Meine Hauptaufgabe ist in den Special Teams, das haben sie mir bei den 49ers von Anfang an gesagt. Wenn du kein Starter bist, musst du allerdings jede andere Position spielen können.

Dann müssen die Linebacker gewissermaßen zusammenhalten. Seid ihr denn ein verschworener Haufen?

Absolut. Wir sind eine richtige coole und enge Gruppe. Mittlerweile sind wir alle gut miteinander befreundet und gehen donnerstags oder freitags immer zusammen essen, um die Kameradschaft zu pflegen. Nach der letzten Saison sind wir sogar alle zusammen auf einen Linebacker-Trip nach Vegas gegangen.

Du hast vor kurzem einen neuen Vertrag über drei Jahre unterschrieben. Macht das die Arbeit leichter, gehst du freier ins Training und die Spiele?

Ganz ehrlich - nein. Die NFL ist ein Hardcore Business. Du musst dich jeden Tag neu beweisen, wenn du das nicht machst, dann ist es egal, ob du einen Zehnjahres-Vertrag hast oder nicht. Sie können dich jederzeit gehen lassen. Es gibt keine Zeit zum Relaxen.

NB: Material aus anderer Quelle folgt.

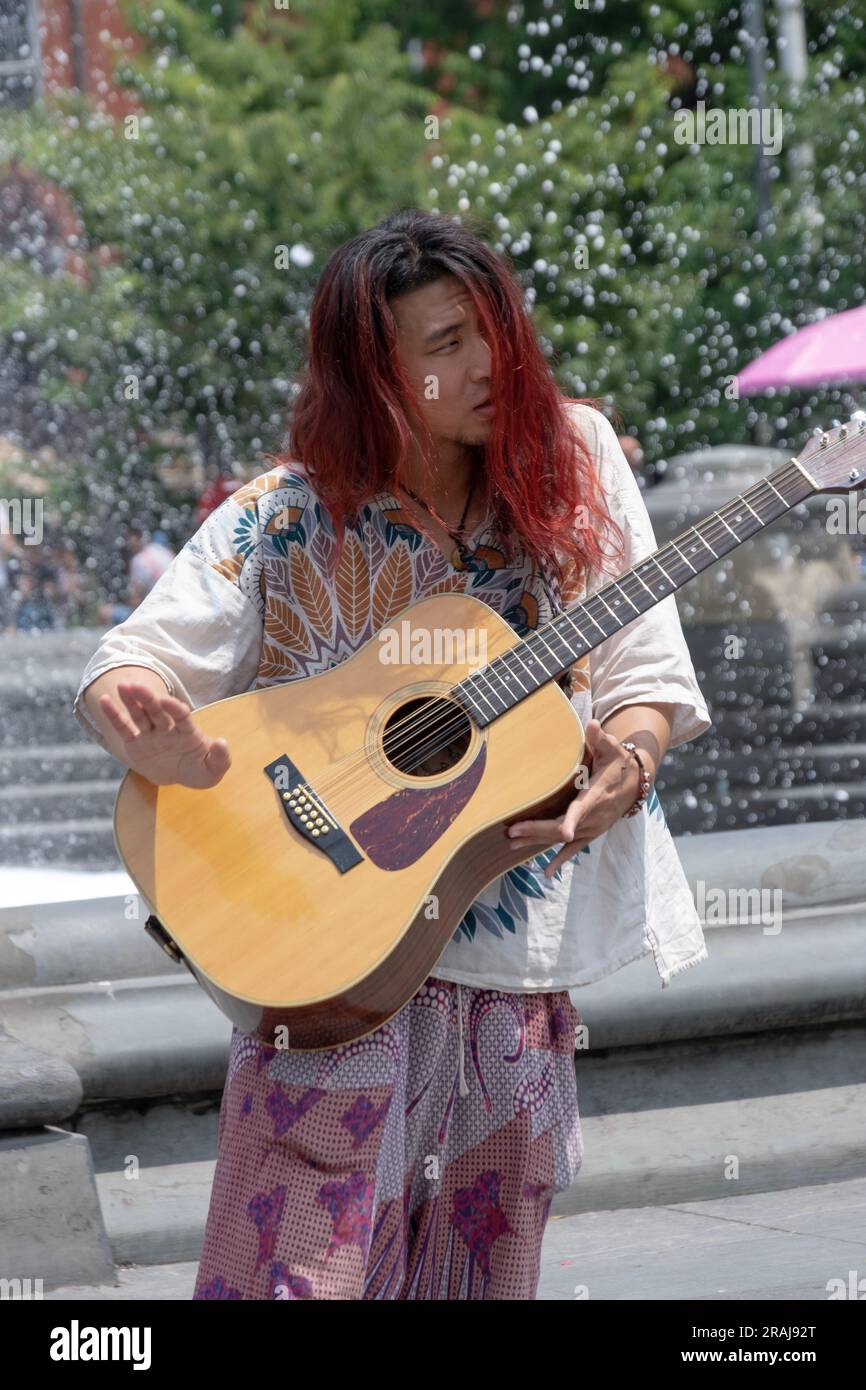 Osaka Vagabond is the solo project of Kotaro 'Vabo' Irishio. who is wandering the world to seek the truth. In Washington Square Park in NYC. Stock Photo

Beim Training läuft sehr laut über große Boxen Hip Hop und Rap-Musik. Das ist doch eher ungewöhnlich.

Unser Headcoach Kyle Shanahan ist damit auch cool, und das sorgt für gute Stimmung. Das ist wichtig. Du musst Spaß damit haben. Wenn es keinen Spaß machen würden, wäre es nur noch angespannter und würde für Stress sorgen. Wir halten das alles richtig locker und gechillt.

Die Defensive der 49ers wird immer wieder gelobt, dabei läuft es in der Offense ebenfalls sehr gut. Jimmy Garoppolo spielt eine starke Saison und läuft nach einer langen Verletzung zur Hochform auf. Wie siehst du seine Entwicklung?

Jimmy ist schon krass. Das ist letztes Jahr blöd gelaufen, als er sich im dritten Spiel verletzt hat. Aber was er dieses Jahr abliefert, ist richtig richtig gut. Er macht einfach sein Ding und verbessert sich stetig. Es ist jetzt sein sechstes Jahr in der Liga, auch wenn er zuvor in den ersten vier Jahren bei den New England Patriots nicht so viel Spielzeit hatte. Er hat sich zu einem echten Leader entwickelt, der unser Team trägt und anfeuert.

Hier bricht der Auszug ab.